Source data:
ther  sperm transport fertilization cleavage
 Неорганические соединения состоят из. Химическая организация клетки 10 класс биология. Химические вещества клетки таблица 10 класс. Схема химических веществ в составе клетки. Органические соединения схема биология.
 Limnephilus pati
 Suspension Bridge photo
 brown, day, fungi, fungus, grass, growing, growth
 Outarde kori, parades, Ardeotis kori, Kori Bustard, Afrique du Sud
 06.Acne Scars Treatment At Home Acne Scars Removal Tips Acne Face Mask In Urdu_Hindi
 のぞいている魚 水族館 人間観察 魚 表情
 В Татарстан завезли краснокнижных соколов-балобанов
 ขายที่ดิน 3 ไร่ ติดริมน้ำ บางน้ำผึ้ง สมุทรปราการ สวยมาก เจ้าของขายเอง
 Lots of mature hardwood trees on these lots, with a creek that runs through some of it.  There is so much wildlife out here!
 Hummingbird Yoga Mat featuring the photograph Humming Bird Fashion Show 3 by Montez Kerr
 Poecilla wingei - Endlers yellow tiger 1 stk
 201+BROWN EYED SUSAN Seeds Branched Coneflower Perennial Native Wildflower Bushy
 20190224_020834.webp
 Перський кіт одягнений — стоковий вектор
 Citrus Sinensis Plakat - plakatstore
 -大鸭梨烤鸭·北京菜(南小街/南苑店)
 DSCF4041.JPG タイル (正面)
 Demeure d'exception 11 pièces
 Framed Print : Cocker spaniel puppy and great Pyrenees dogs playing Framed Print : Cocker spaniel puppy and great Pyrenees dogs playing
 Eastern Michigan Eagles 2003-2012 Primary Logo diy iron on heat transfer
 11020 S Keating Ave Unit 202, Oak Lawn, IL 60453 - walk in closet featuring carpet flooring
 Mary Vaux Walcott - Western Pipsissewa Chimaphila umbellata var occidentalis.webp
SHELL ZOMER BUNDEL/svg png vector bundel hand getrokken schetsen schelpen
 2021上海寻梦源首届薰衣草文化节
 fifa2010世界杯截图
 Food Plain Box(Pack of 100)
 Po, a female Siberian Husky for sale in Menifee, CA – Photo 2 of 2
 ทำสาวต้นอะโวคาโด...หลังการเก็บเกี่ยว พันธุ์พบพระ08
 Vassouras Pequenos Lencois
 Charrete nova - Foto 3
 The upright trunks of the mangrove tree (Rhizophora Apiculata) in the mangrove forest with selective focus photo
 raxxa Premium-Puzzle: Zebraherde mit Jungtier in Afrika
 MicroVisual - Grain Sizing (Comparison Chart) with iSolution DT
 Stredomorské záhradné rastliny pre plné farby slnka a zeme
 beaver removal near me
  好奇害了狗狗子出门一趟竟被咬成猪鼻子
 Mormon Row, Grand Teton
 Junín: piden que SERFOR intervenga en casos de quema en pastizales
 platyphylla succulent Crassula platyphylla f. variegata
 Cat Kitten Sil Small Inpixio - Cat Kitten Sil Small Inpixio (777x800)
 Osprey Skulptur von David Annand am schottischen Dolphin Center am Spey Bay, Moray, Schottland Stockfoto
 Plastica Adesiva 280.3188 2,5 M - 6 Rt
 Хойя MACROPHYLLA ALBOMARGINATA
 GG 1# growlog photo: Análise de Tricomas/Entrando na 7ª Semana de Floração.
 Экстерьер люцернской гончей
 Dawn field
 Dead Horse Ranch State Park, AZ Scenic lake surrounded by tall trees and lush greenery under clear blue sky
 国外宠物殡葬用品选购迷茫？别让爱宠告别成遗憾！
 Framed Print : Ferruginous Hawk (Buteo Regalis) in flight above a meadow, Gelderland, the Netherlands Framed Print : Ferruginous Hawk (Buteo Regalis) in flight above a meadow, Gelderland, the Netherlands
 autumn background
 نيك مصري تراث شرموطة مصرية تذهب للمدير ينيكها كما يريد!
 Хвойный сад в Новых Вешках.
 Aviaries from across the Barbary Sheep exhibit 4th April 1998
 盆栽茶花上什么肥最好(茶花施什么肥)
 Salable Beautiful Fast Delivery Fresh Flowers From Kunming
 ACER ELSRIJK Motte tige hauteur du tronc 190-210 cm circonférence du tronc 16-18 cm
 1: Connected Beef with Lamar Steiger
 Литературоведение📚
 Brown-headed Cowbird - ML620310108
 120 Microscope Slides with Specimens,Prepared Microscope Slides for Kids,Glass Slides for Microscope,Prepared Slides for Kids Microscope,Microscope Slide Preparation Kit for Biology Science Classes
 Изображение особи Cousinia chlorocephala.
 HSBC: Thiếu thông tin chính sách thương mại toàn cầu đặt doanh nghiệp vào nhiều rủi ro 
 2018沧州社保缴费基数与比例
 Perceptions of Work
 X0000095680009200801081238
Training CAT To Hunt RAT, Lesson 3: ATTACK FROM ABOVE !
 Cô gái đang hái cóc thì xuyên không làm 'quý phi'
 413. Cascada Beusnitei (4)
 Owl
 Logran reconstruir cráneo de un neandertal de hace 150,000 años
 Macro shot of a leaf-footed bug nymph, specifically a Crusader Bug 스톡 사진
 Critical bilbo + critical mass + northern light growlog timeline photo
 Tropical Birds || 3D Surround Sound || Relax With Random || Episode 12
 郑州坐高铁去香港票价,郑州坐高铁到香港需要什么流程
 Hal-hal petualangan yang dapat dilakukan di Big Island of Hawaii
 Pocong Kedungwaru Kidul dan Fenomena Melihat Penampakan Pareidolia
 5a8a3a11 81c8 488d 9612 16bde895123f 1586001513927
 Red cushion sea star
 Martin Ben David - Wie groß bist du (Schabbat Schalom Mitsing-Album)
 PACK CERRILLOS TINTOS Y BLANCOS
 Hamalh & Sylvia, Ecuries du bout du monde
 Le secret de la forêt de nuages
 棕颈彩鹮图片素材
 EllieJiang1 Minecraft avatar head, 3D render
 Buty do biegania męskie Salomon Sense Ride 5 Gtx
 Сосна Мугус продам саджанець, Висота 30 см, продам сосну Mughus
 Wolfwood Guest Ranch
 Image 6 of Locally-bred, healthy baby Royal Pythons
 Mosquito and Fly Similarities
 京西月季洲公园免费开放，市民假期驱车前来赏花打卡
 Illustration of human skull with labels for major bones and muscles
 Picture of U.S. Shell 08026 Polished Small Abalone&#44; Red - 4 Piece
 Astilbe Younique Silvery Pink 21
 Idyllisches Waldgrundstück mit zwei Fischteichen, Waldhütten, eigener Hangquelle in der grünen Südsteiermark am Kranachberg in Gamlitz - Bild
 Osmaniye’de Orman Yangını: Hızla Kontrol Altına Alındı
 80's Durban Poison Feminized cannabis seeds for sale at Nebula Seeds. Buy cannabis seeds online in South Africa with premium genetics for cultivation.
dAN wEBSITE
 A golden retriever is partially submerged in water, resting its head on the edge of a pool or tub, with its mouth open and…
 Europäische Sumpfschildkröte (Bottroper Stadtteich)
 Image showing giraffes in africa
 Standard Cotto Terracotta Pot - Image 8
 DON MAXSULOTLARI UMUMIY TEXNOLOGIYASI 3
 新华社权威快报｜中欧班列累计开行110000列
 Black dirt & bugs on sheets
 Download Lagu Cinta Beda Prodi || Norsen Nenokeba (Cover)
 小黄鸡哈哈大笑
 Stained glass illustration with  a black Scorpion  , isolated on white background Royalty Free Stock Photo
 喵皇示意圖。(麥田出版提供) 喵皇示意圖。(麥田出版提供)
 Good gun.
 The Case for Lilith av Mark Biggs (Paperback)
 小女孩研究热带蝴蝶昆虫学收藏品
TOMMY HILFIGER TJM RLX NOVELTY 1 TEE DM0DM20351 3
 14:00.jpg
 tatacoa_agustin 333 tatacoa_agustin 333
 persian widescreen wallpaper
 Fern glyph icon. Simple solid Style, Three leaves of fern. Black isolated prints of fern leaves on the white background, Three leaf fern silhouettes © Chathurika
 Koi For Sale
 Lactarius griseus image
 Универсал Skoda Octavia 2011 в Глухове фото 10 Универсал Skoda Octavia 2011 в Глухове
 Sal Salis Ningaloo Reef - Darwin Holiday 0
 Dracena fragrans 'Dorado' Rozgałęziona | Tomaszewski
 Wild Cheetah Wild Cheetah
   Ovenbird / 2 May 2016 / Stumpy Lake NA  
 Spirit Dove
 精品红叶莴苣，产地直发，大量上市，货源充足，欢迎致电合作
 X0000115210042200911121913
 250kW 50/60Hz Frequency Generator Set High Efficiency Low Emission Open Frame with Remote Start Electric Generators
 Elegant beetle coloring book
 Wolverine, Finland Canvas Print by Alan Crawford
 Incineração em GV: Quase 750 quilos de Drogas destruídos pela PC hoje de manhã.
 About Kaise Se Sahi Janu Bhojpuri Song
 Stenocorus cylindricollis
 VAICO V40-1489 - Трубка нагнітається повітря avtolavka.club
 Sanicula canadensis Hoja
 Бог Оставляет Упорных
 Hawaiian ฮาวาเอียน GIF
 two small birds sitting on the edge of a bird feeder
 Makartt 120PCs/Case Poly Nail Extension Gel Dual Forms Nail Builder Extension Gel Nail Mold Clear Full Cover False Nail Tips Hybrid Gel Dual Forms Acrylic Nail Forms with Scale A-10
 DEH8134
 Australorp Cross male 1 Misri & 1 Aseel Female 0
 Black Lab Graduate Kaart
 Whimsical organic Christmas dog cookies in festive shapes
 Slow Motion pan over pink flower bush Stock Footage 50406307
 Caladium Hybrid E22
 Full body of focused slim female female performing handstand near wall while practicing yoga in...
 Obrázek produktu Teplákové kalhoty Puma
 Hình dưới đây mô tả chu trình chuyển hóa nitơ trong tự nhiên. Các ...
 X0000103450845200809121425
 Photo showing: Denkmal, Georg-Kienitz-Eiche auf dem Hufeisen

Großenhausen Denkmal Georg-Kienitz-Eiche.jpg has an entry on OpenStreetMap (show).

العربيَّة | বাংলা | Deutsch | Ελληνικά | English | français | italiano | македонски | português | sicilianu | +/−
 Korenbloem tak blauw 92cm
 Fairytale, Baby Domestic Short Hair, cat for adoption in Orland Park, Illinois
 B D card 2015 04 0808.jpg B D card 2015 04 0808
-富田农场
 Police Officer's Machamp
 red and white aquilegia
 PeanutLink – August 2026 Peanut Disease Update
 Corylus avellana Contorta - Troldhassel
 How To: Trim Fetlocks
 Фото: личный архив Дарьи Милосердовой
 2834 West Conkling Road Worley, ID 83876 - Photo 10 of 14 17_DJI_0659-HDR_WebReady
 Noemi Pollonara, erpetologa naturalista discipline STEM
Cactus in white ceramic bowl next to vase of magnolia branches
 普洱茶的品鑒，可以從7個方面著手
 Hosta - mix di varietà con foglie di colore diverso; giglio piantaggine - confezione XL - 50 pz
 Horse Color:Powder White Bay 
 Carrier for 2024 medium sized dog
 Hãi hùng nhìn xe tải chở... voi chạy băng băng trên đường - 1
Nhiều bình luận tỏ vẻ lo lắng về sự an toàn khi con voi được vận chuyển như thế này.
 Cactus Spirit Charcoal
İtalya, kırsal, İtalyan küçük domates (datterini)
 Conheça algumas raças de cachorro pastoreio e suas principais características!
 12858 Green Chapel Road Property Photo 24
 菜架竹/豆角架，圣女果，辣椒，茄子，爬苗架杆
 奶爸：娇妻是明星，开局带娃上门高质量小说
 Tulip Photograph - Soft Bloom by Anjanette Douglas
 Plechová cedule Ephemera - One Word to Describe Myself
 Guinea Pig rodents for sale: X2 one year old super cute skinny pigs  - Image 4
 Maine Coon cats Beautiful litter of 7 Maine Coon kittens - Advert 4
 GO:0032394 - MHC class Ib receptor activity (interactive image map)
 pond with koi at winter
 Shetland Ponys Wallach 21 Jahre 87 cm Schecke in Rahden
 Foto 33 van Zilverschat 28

[Your goal]
Copy every line of the records above that holds the word "Horse".

[Task answer]
 Dead Horse Ranch State Park, AZ Scenic lake surrounded by tall trees and lush greenery under clear blue sky
 Horse Color:Powder White Bay 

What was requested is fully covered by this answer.